Dragonhammer – Obscurity (My Kingdom Music)Tuesday, 17th October 2017
Admiration for sticking to one’s guns, Italian power metal quintet Dragonhammer return for a fourth album Obscurity in a crowded scene that lacks a standout like decades back (wherefore art thou Lost Horizon?). Cautiously approaching these ten tracks because of the musically competent but less than vocally exciting The X Experiment from 2013, there’s always the hope that musicians strive to shore up weaknesses and accentuate the strengths for a stronger final product on the follow-up. After a few spins, it’s obvious that Dragonhammer aim to diversify their power stance with more melody in spots, rearing back to older influences in others – but still not quite hitting that wow factor to impress on a larger scale.

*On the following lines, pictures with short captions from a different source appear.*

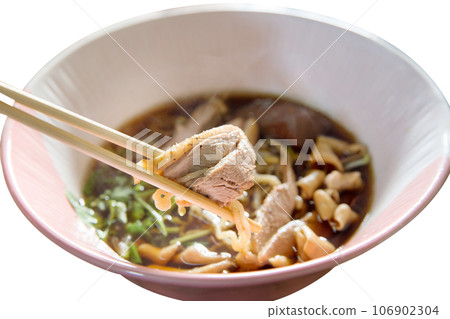 Top view of Duck noodle on a pink bowl with chopsticks on white isolated, focus selective 106902304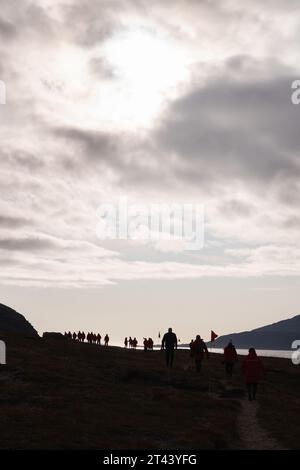 Grönland Touristen - Touristen Expedition Kreuzfahrtschiff Passagiere gehen in dramatische Landschaft und Himmel, Uunartoq, Südgrönland, Arktis. Stockfoto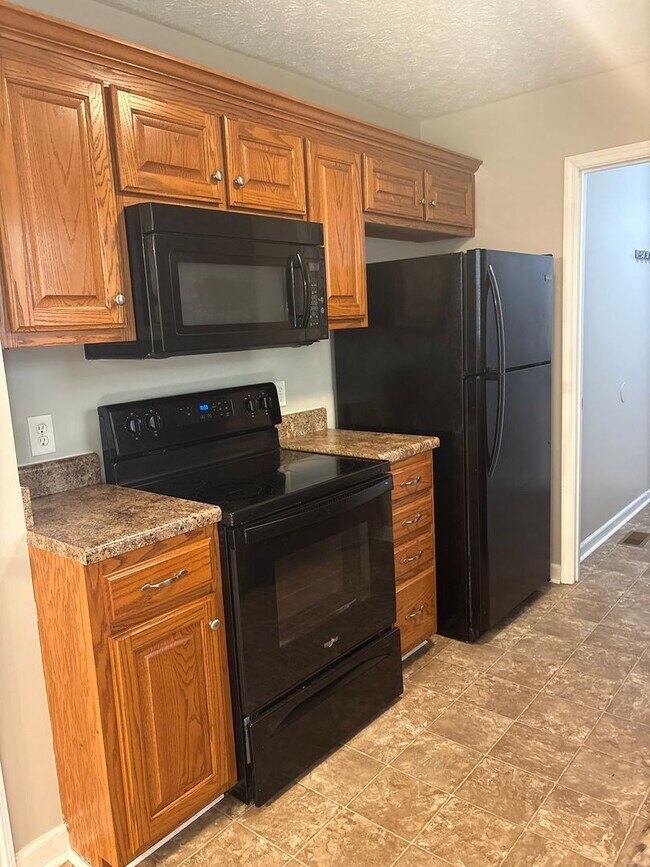 Building Photo - Charming Home with Covered Back Deck and Fenced in Yard...
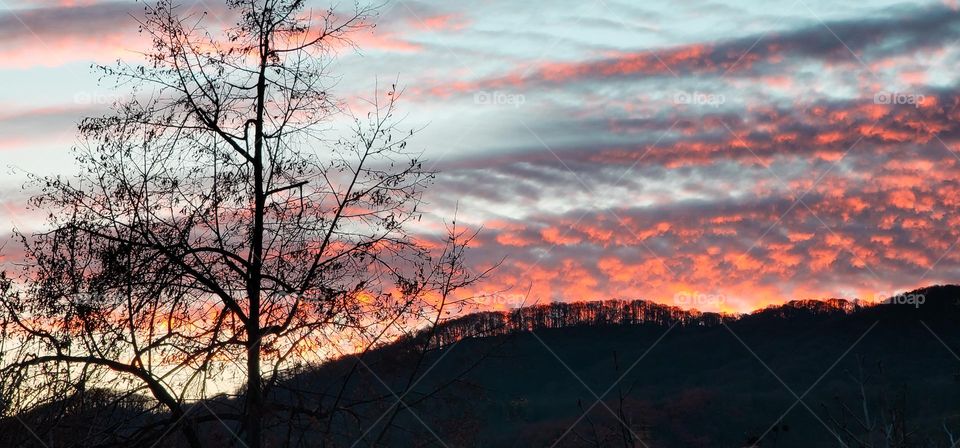 mountain silhouette on background of bright clouds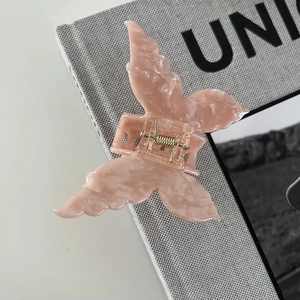 Detail of butterfly hair claw clip with pink marble acetic texture and gold spring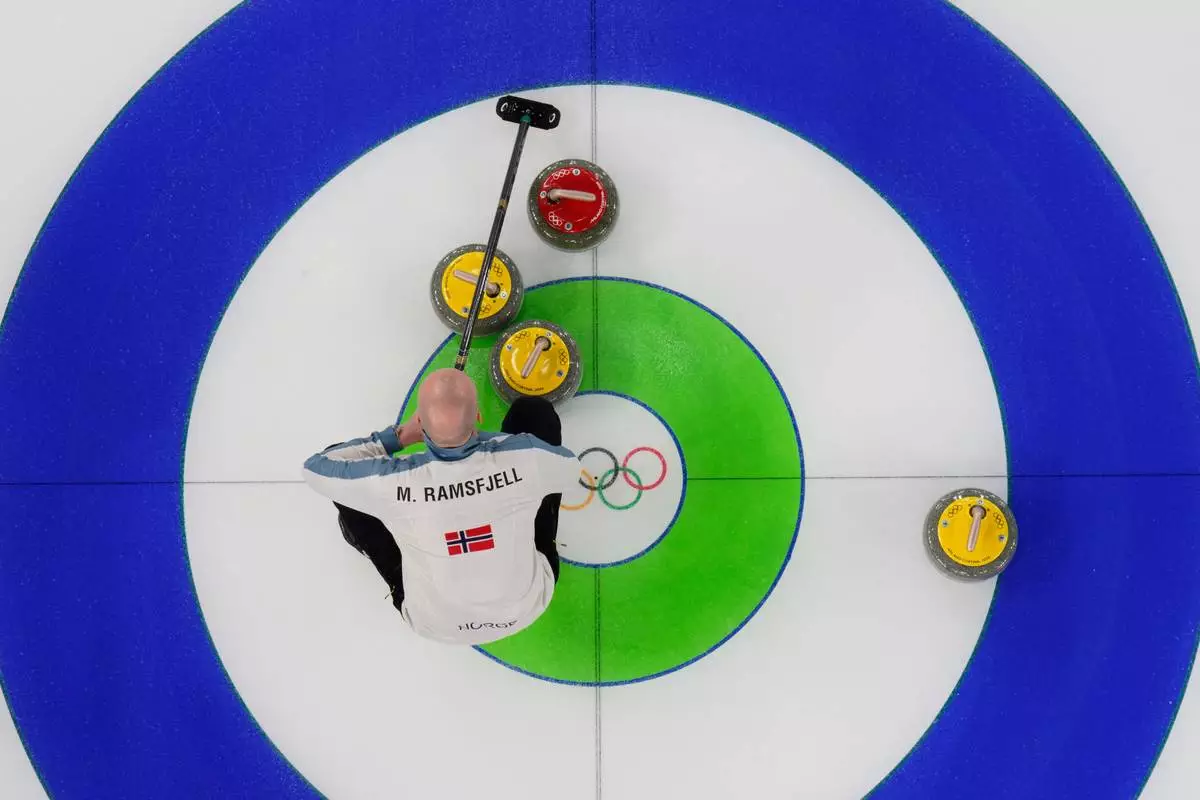Norway's Magnus Ramsfjell looks over the stones during a men's curling round robin match against China at the 2026 Winter Olympics, in Cortina d'Ampezzo, Italy, Friday, Feb. 13, 2026. (AP Photo/David J. Phillip)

They haven’t totally abandoned the power trademarks – “The Game of Blood” and “Fighting the Beast” containing those triumphant keyboard strains, charging guitars, and double bass flurries that align to all who yearn for classic Labyrinth or Stratovarius. Bass and organ interplay give “Brother vs Brother” more of that 70’s Rainbow atmosphere, the main transitions and hooks swinging in a mid-tempo, cruise control anthem template (although the semi-shred spot reels it back to neoclassical/power avenues). Darker, more modern accents take shape on “The Town of Evil”, especially in terms of the ping-ponging chord construction and lower register vocal melodies – which actually works quite well for guitarist Max Aguzzi, as he has little problem holding out the notes and adding that extra sinister nuance to the song.
The trouble is, Dragonhammer aren’t doing quite enough to position themselves away from what’s already been done before far better from other acts in their wheelhouse. Acoustic tenderness can’t save the weak phrasing for “Remember My Name” as a second half ballad, while the predictable marching strains and pipe/church organ passages for “Under the Vatican’s Ground” could signal waning album interest or necessitate a track shuffle, Max struggling to get the title out in the chorus clearly. Obscurity shows small improvements, but makes one wonder how much will it take to bring the band beyond hometown heroes.